Entries supplied

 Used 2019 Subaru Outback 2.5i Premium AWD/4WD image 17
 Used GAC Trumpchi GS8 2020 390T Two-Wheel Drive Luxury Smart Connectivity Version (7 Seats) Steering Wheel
...
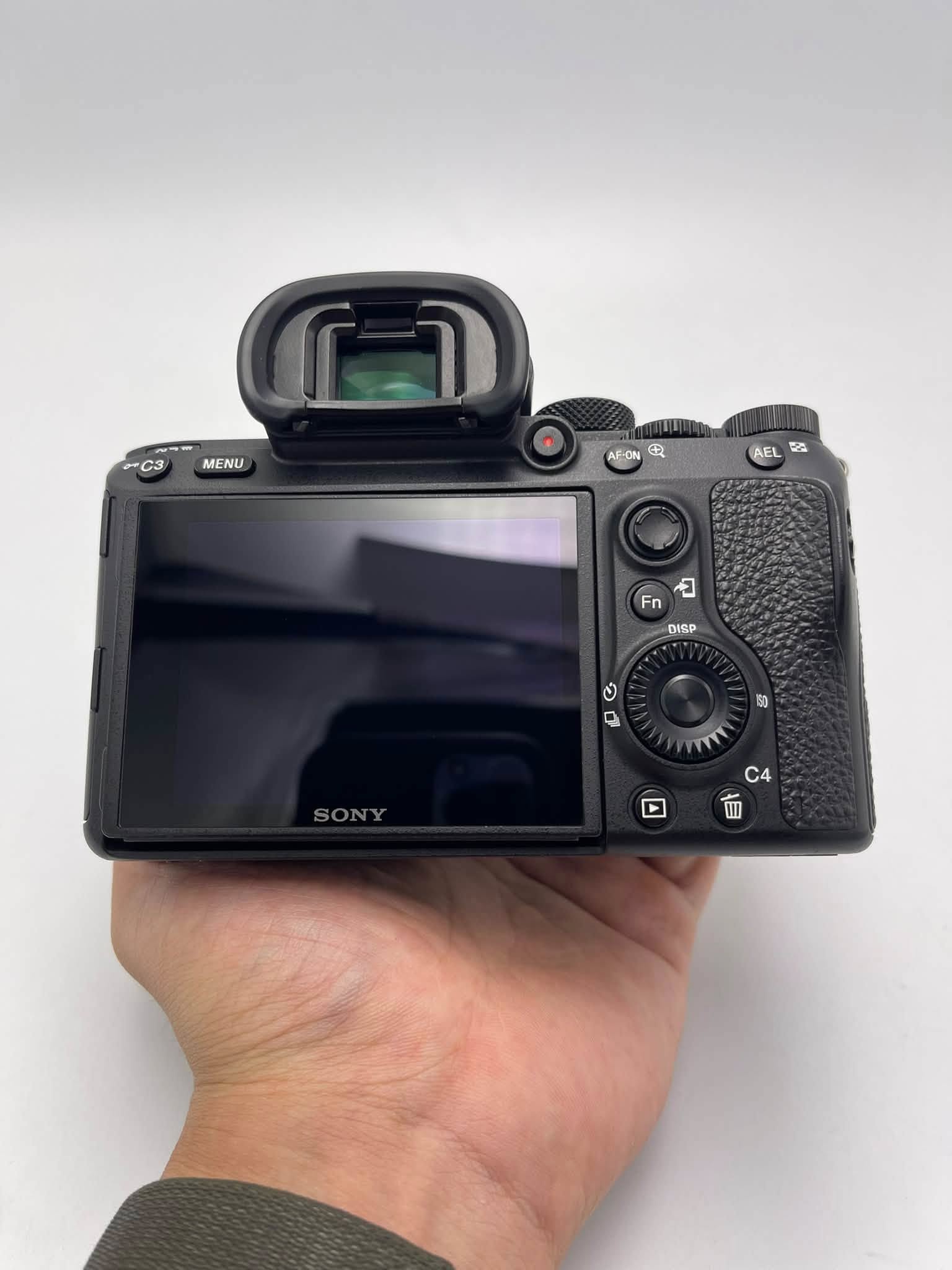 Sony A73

Assigned task
Scan the entries above for the string "Used" and copy each line that contains it.

Answer section
 Used 2019 Subaru Outback 2.5i Premium AWD/4WD image 17
 Used GAC Trumpchi GS8 2020 390T Two-Wheel Drive Luxury Smart Connectivity Version (7 Seats) Steering Wheel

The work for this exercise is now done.